Copy every record exactly, and keep the pictures out.

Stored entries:
━━━━━━

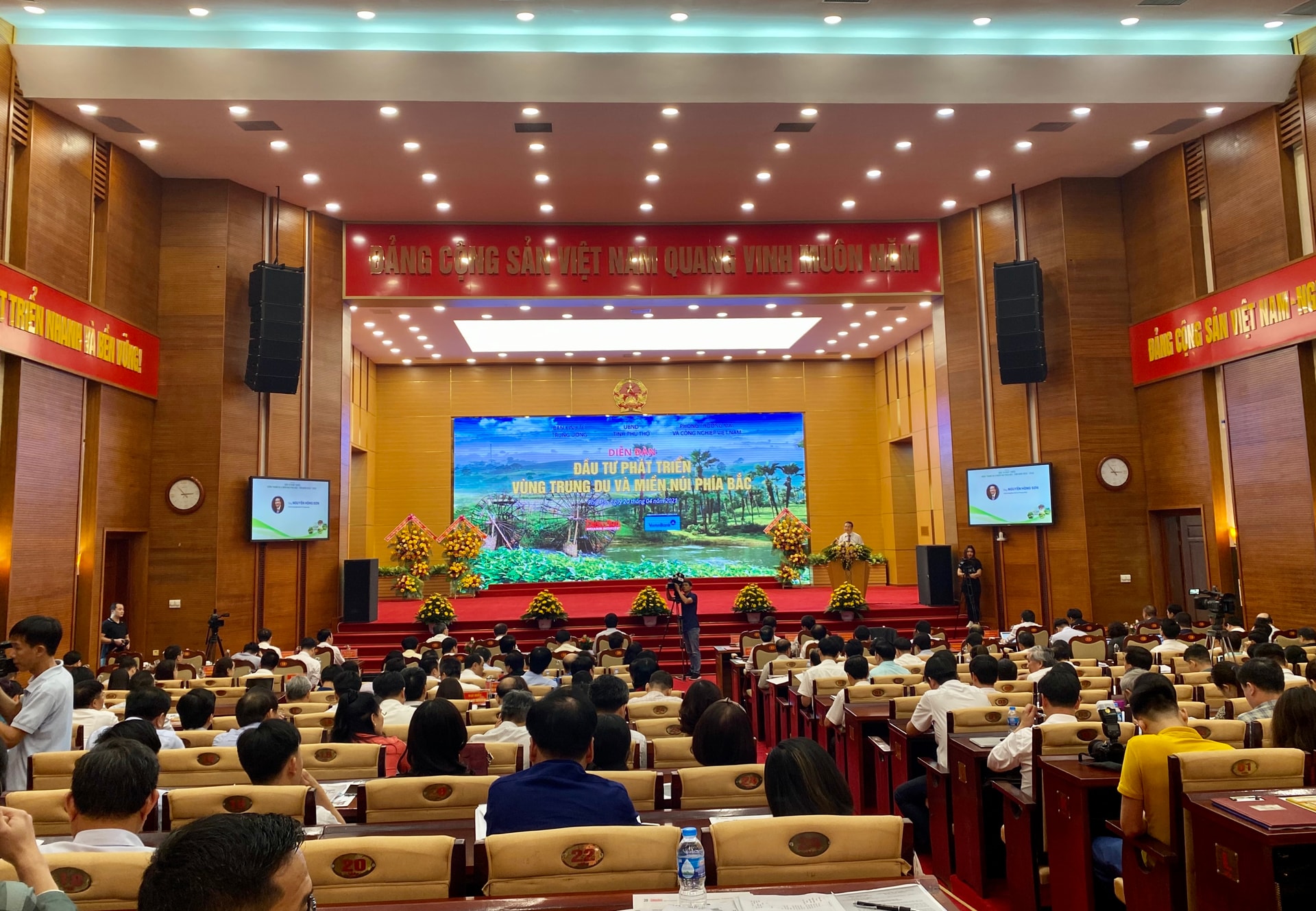 Toàn cảnh Diễn đàn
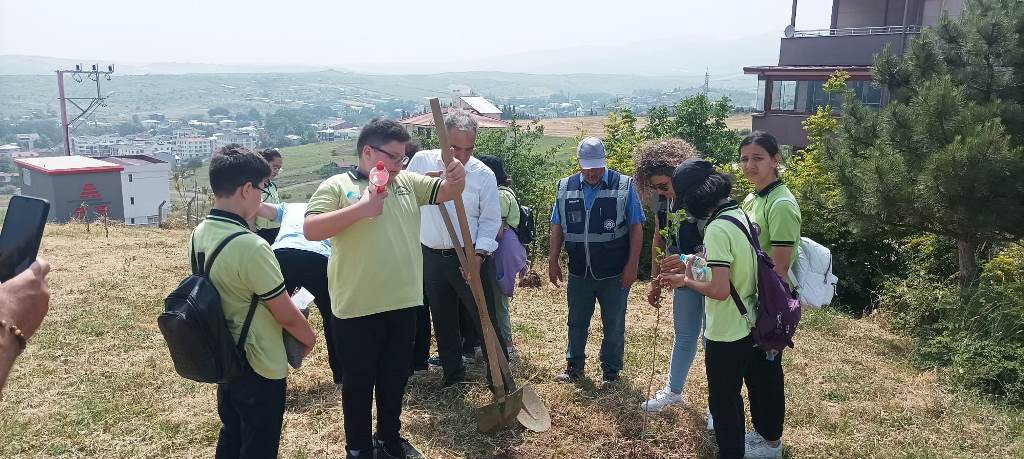 5 Haziran Türkiye Çevre Haftası Münasebetiyle Kompost Tesisi Ziyareti ve Fidan Dikimi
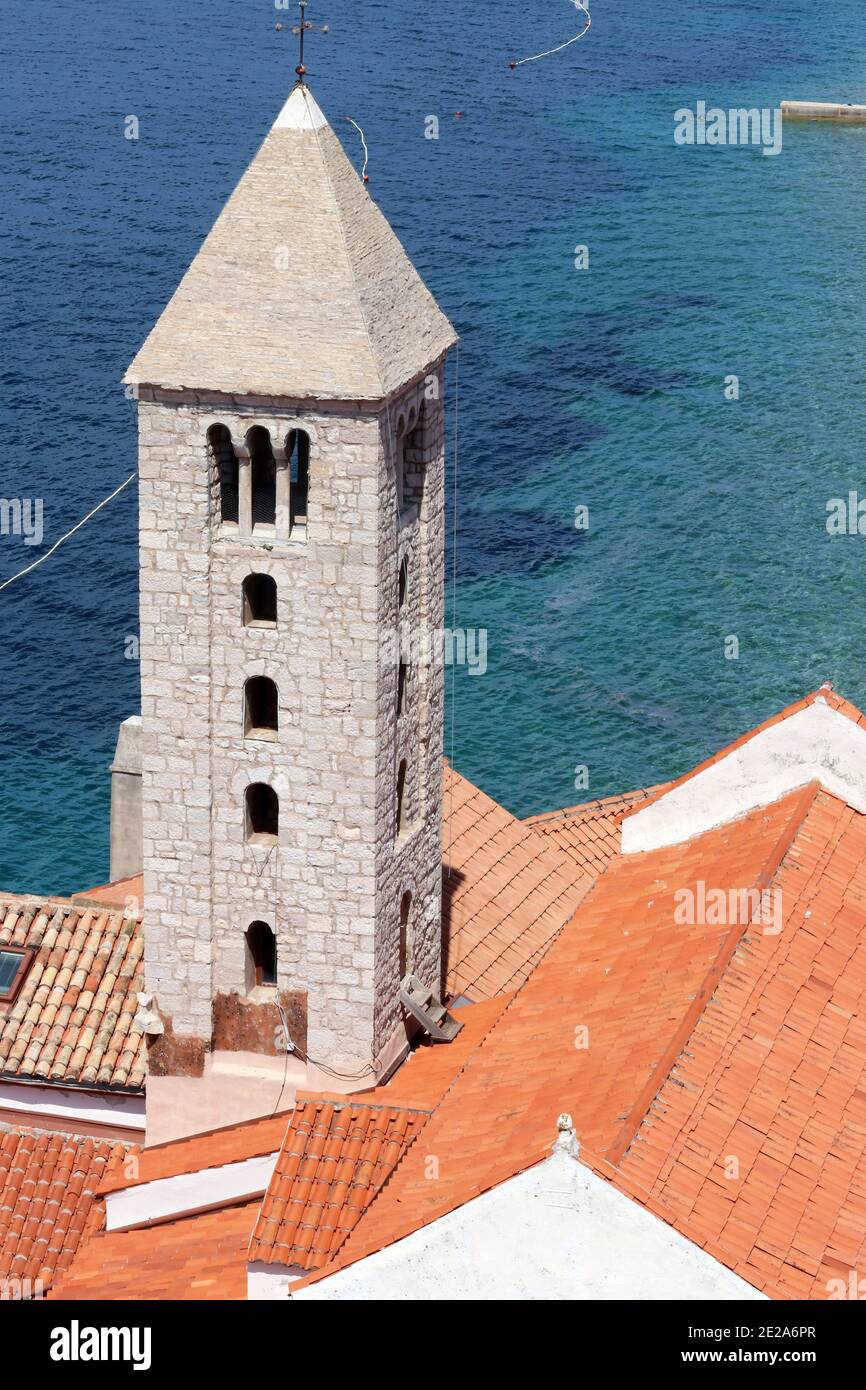Un des célèbres clochers de la vieille ville, ville de Rab, île de Rab, Croatie Banque D'Images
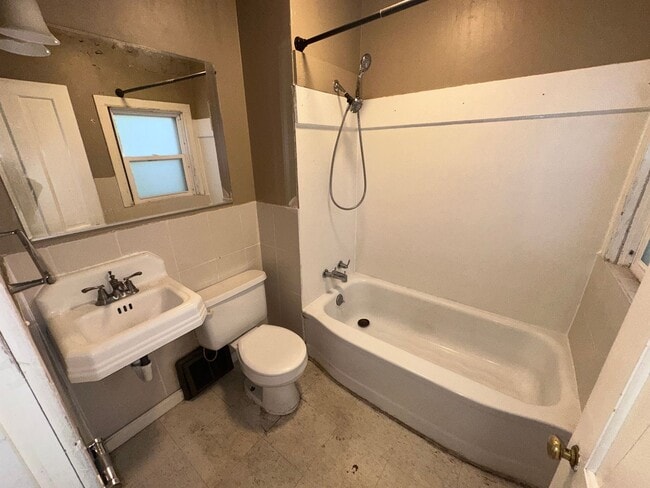 Building Photo - 120 N 4th Ave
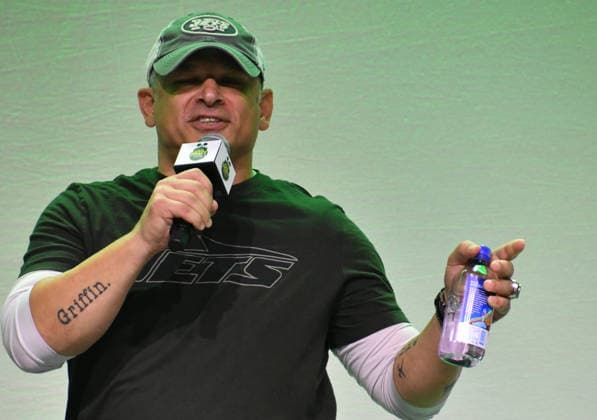 NEW YORK, NY - JULY 16: Wayne Chrebet at Disney Fan Draft at Center Stage during day 1 of Fanatics Fest NYC on July 16, 2026 at Javits Center in New York City. Credit: AdMedia New York City USA - ZUMAa123 20260716_zaa_a123_228 Copyright: xJohnxFyckex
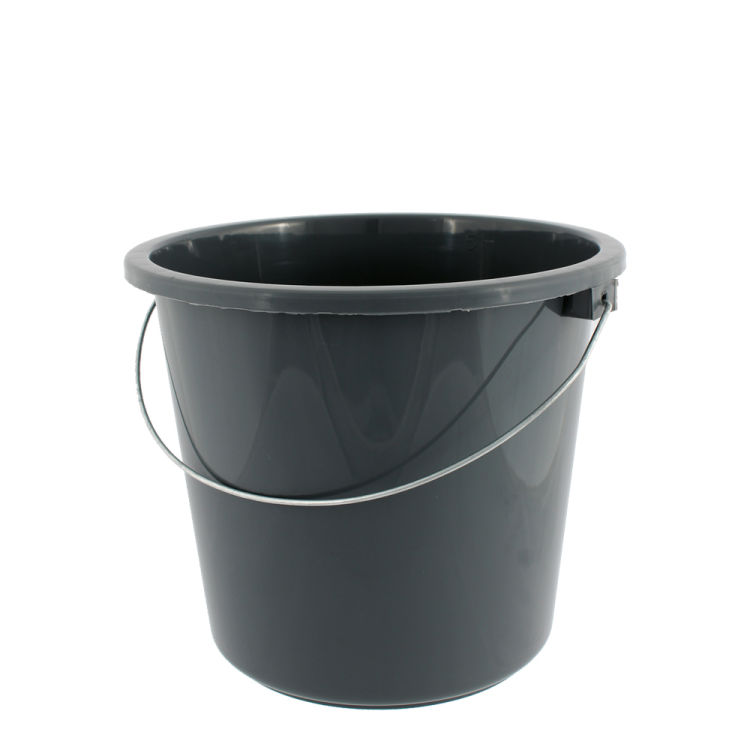 Putzeimer mit Metallbügel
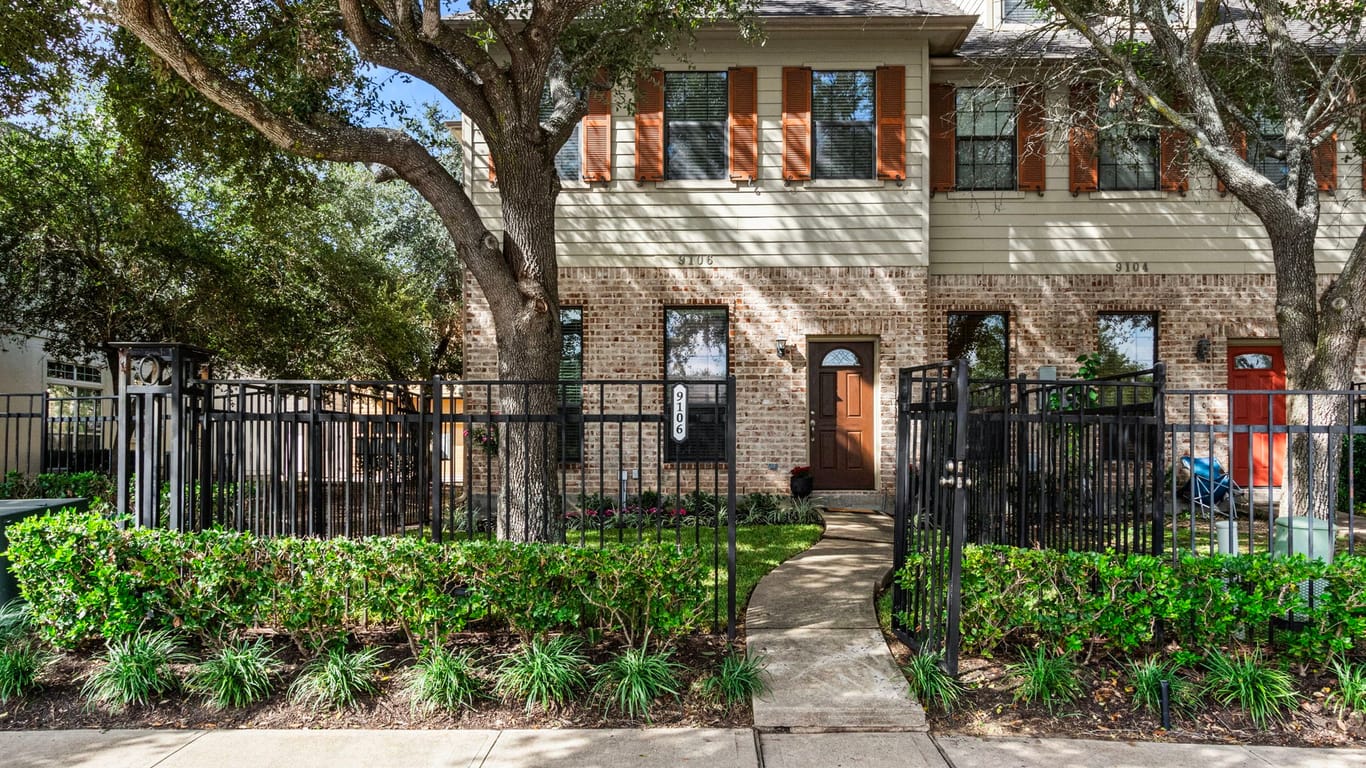 Houston 2-story, 3-bed 9106 Lakes At 610 Drive-idx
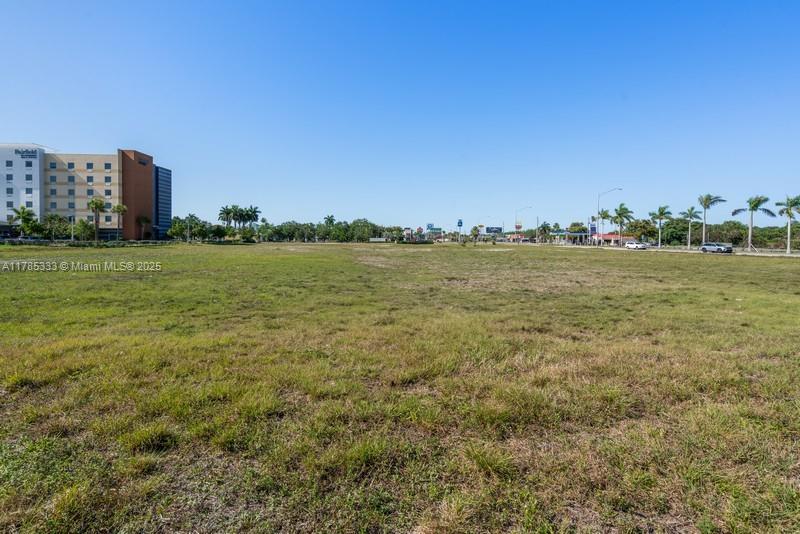 MIAMI LAND & DEVELOPMENT - Land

━━━━━━

* _ANSWER SPACE_
 Toàn cảnh Diễn đàn
 5 Haziran Türkiye Çevre Haftası Münasebetiyle Kompost Tesisi Ziyareti ve Fidan Dikimi
Un des célèbres clochers de la vieille ville, ville de Rab, île de Rab, Croatie Banque D'Images
 Building Photo - 120 N 4th Ave
 NEW YORK, NY - JULY 16: Wayne Chrebet at Disney Fan Draft at Center Stage during day 1 of Fanatics Fest NYC on July 16, 2026 at Javits Center in New York City. Credit: AdMedia New York City USA - ZUMAa123 20260716_zaa_a123_228 Copyright: xJohnxFyckex
 Putzeimer mit Metallbügel
 Houston 2-story, 3-bed 9106 Lakes At 610 Drive-idx
 MIAMI LAND & DEVELOPMENT - Land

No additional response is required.